Athletes take pride in arena
Student section naming final piece of puzzle
Jay Benedict | Editor-in-Chief
John Lance Arena received a major facelift over the summer, courtesy of the Whetzel family. Now, the final, and some would argue most important, piece will soon be in place.
The arena’s new student section will make its way from the north end zone of Carnie Smith Stadium to the north side of the court as football season comes to a close. Courtney Ingram, senior guard for the PSU men’s basketball team, says that will be the icing on the cake.
“The new arena already seems like there’s more life in it,” Ingram said. “It will be even better when the student section gets placed near the opponent’s bench and can give them a hard time.”
Athletic Director Jim Johnson says the new portable seating holds about 300 students. Athletics is partnering with the Student Government Association to come up with a creative name for the new student section as well.
“We also want an ongoing partnership with SGA after we name it to keep the section filled,” Johnson said. “The students always bring a lot of energy, so we want to do everything we can to get them out for games.”
Johnson approached SGA about naming the student section and senators will be talking with students for the next two weeks before voting on a winner.
The unnamed student section may be the final piece, but it would not be possible without the renovation, which directly benefits Gorilla athletes the most. Senior volleyball player Leah Flynn says her team is excited to be the first to play on the new court.
“Overall, we feel blessed,” Flynn said. “Blessed because of the Whetzels’ generosity and to have the chance to be the first team out there playing on it.”
The $1.2 million facelift includes three courts, 14 basketball goals, new bleachers and more space for all the indoor sports. Flynn, Ingram and assistant women’s basketball coach Amanda Davied all said the space is the biggest improvement.
“The amount of space makes everyone feel equally important,” Davied said. “It helps with scheduling too. A lot of our players have late classes and now it’s a lot easier to schedule practices around everyone’s academics.”
Flynn says that aside from the convenience, the new arena also makes practices more efficient. The volleyball team used to practice on an artificial rubberized sports court.
“We had to assemble the court before we could practice, and it was old and dirty,” Flynn said. “We play on a wood court, though, so now practice is more game-like and we can prepare better.”
The extra space came at a cost, though. The track that ran around the outside of the arena and hosted the indoor track team’s practices has been removed.
“Coach (Russ) Jewett helped fundraise and get this project going, knowing that track would have to make sacrifices,” Davied said. “But he sees the big picture and knows that this is just the start.”
They all said they think the renovations will have a positive effect on recruitment. Davied said the women’s basketball team played host last weekend to a recruit who is also being sought after by Division I schools. She thinks that the new arena gives Pitt State the ability to compete with larger, more nationally known programs. Flynn agrees.
“If I would have walked in here as a freshman and heard the story of how this was built, I would see that PSU and the community care about the program,” Flynn said. “Everyone always talks about football, but this improvement makes us really feel like an important part of athletics and the university.”
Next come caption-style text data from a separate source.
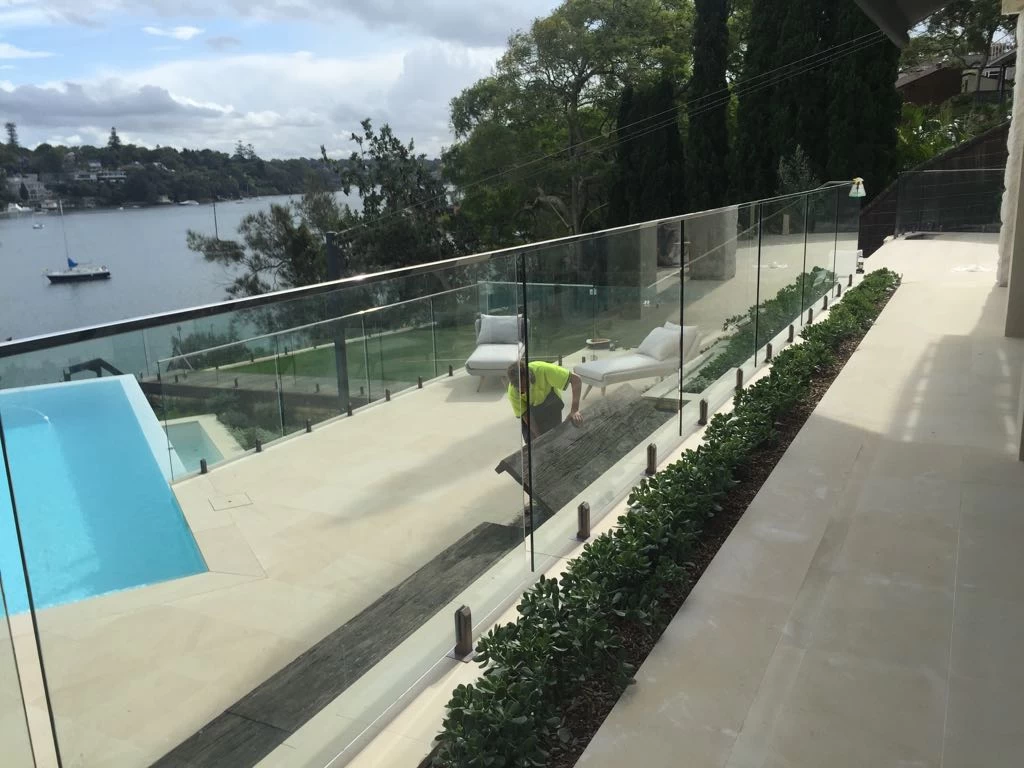 Australian Standard Stainless Steel Handrail Cap for Outdoor Glass Railing Design
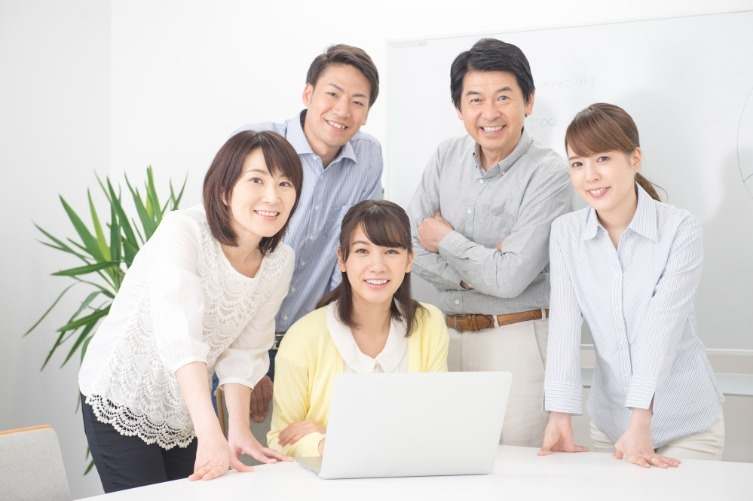 採用戦略部は社歴の長い社員とアルバイトさん2名。他部門との距離も近く、風通しの良い会社です！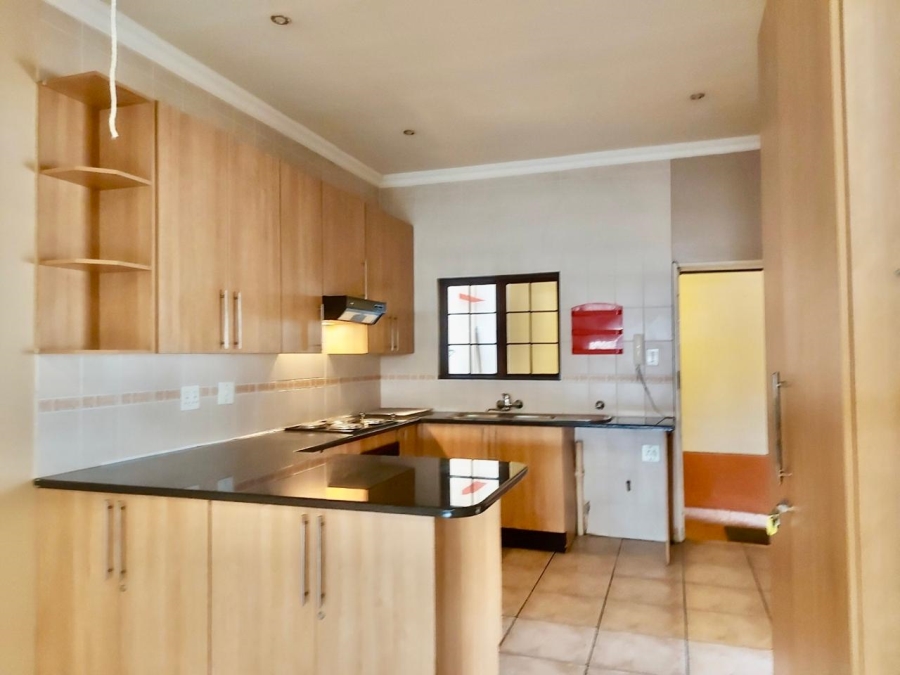 2 Bedroom Property for Sale in Noordheuwel Gauteng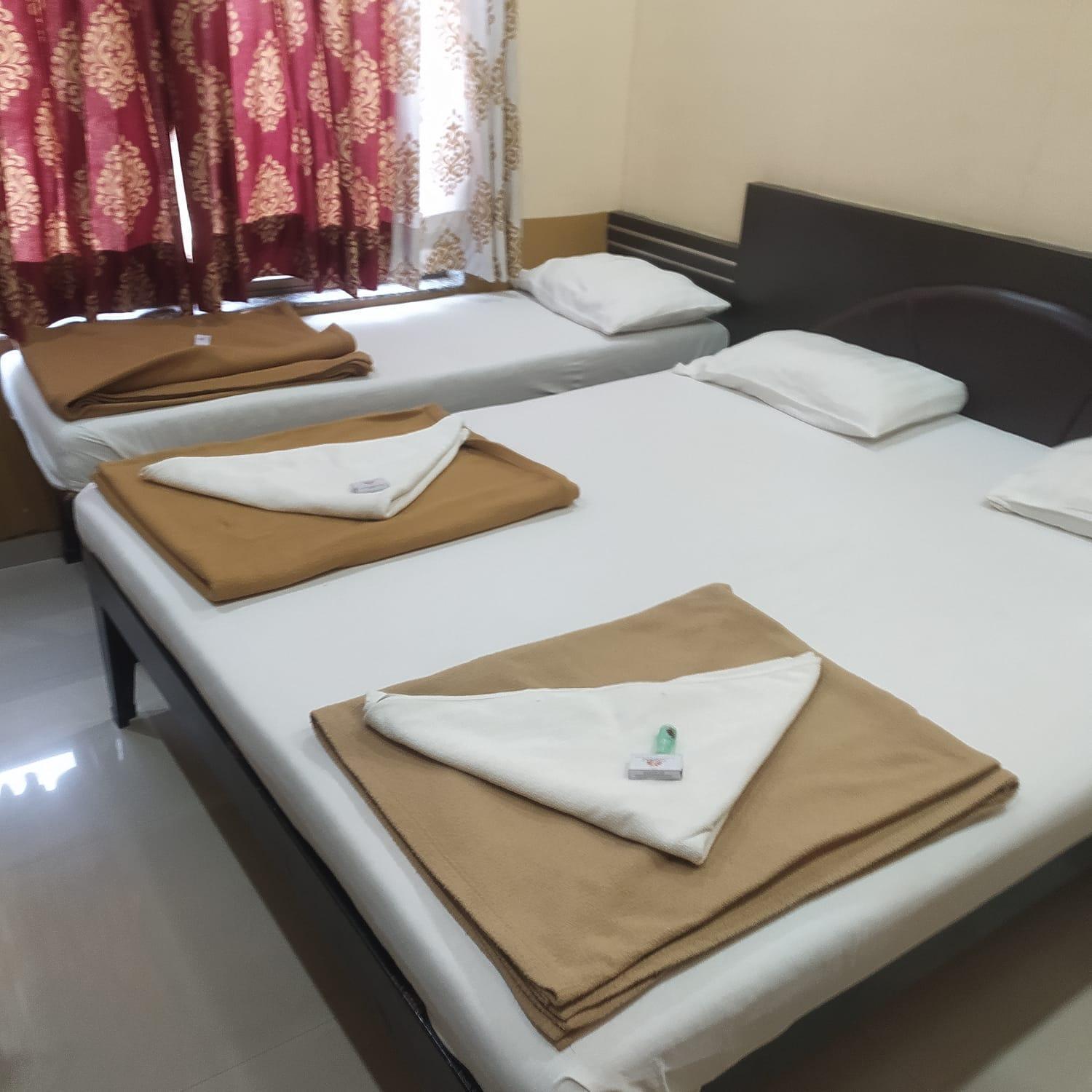 Hotel Yogiraj Shirdi Bagian luar foto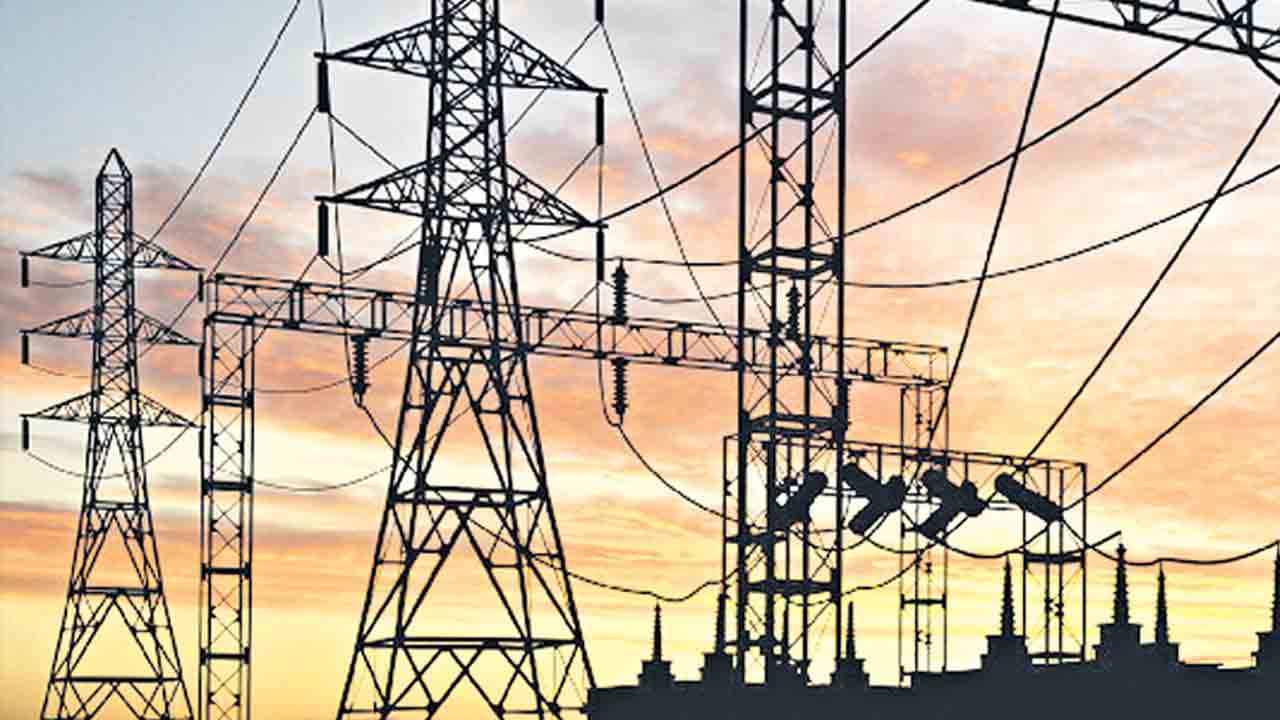 చీకట్లను చీల్చి వెలుగులు పంచి..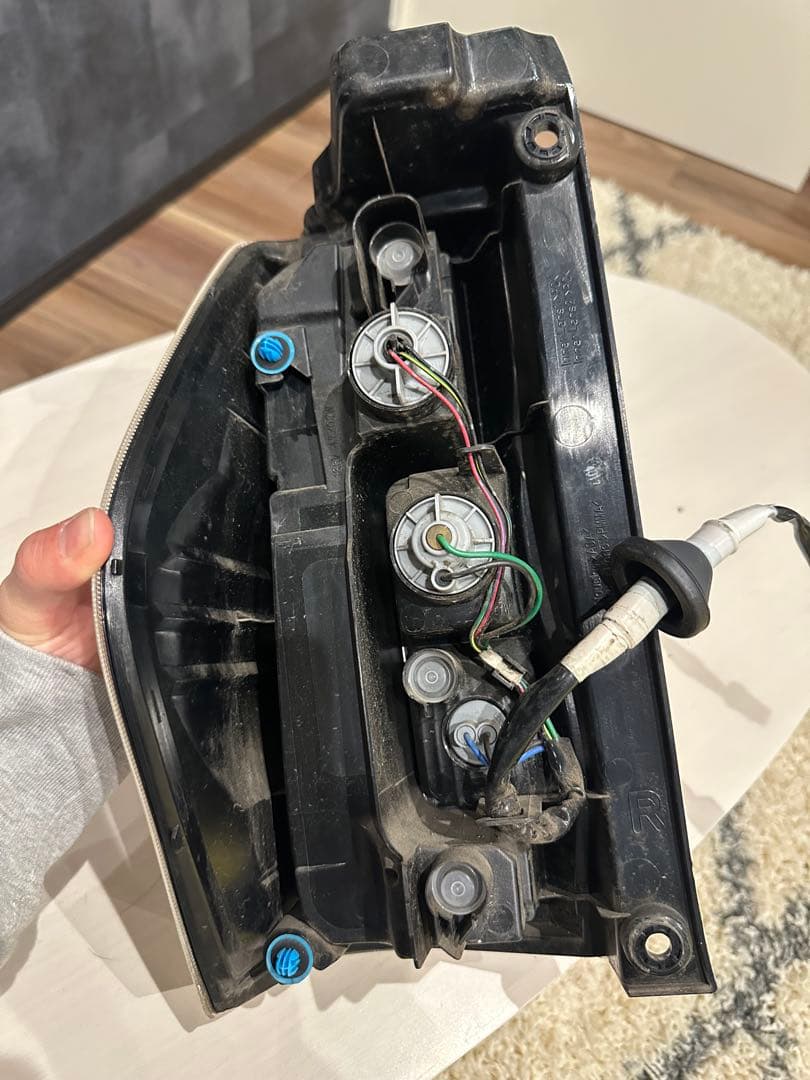 ダイハツ　タントカスタム　右テール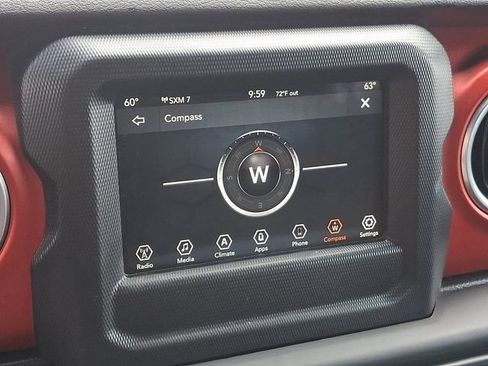 Used 2018 Jeep Wrangler Unlimited Rubicon AWD/4WD image 19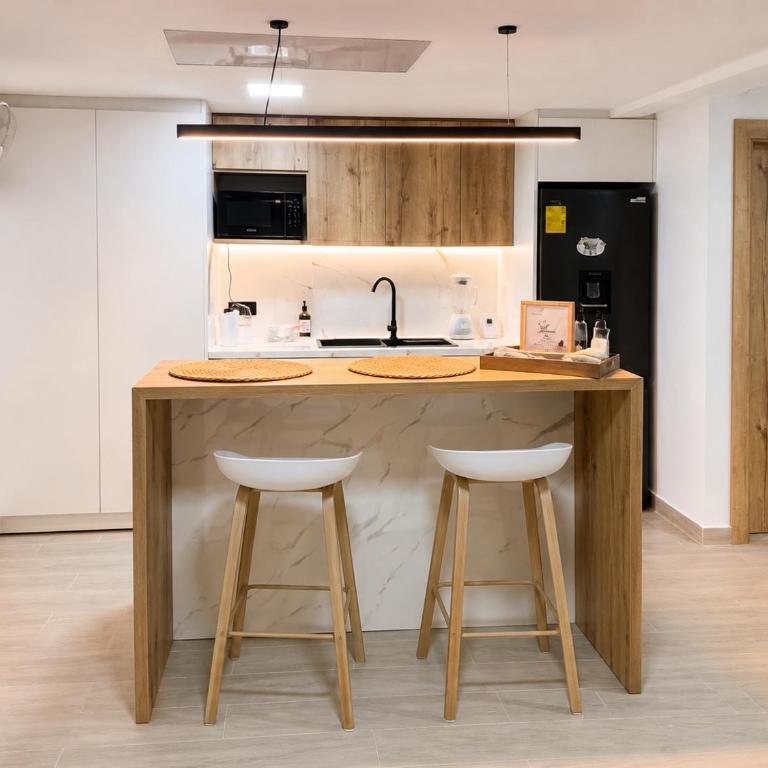 Suite Moderno y Acogedora con Ubicación Ideal de un solo ambiente - Two-Bedroom Apartment - 6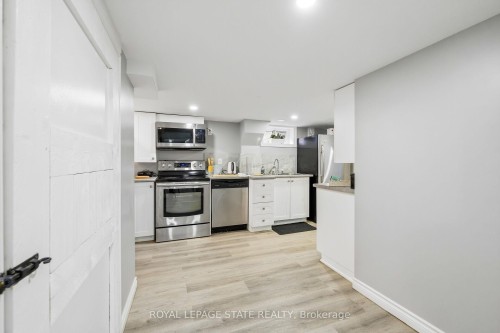 624 Upper Ottawa Street, Hamilton, ON - Indoor Photo Showing Kitchen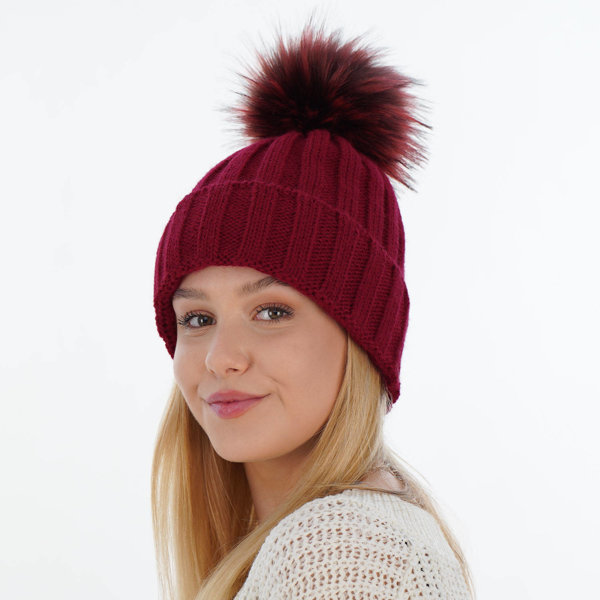 Woman's winter hat burgund Mokka with pompom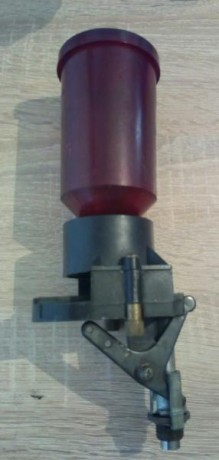 Buenas, vendo todos los accesorios que tengo de recarga. Hay maquina, dies y puntas. Estan tal y como 12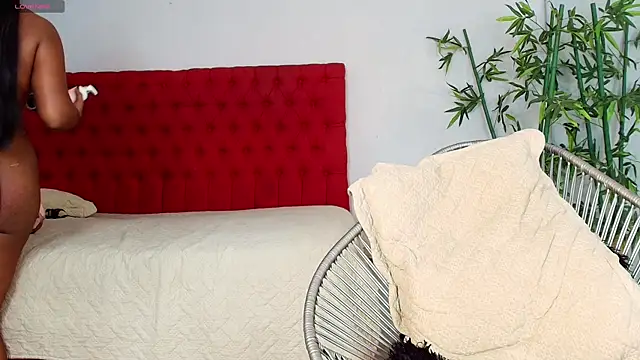 kayna_gomez webcam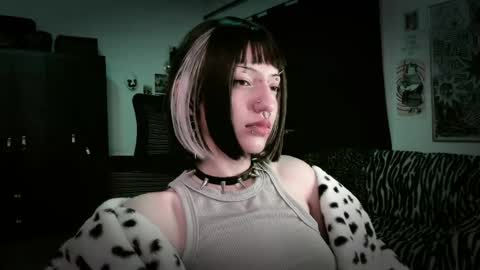 Snapshot of roxy_toxic chatting on 05.16.26 Roxy Independient model Help me to reach 50 thumbs up online show from 05.16.26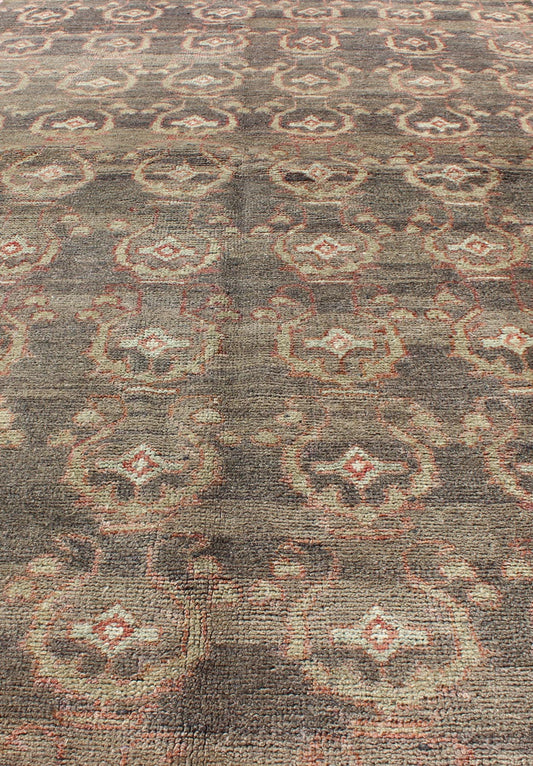 Gray vintage Turkish Oushak rug with all - over blossom design in soft red and light green , rug en - 140879, country of origin type: Turkey Oushak, circa 1940 This Oushak carpet (circa mid - 20th century) features an all - over pattern of interconnecte... - Keivan Woven ArtsEN - 140879 - 6644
Flynn says she thinks the renovations drew more people in, and that added to the atmosphere.
“At first, the renovations brought people in and the energy at “Pack the Weede” was awesome,” Flynn said. “People came out to see the new arena and then they said, ‘This team is really fun to watch,’ and I think they’ll keep coming.”
None of them said they missed anything about the old arena, but Davied, who played on the old court and now coaches on the new one, said the older version was special to her.
“I have a sentimental spot for the blood, sweat and tears spilled on the old floor,” Davied said. “But we’re making positive progress in the same place. We can have pride in that we’re moving forward and we’ve kept in touch with who we are.”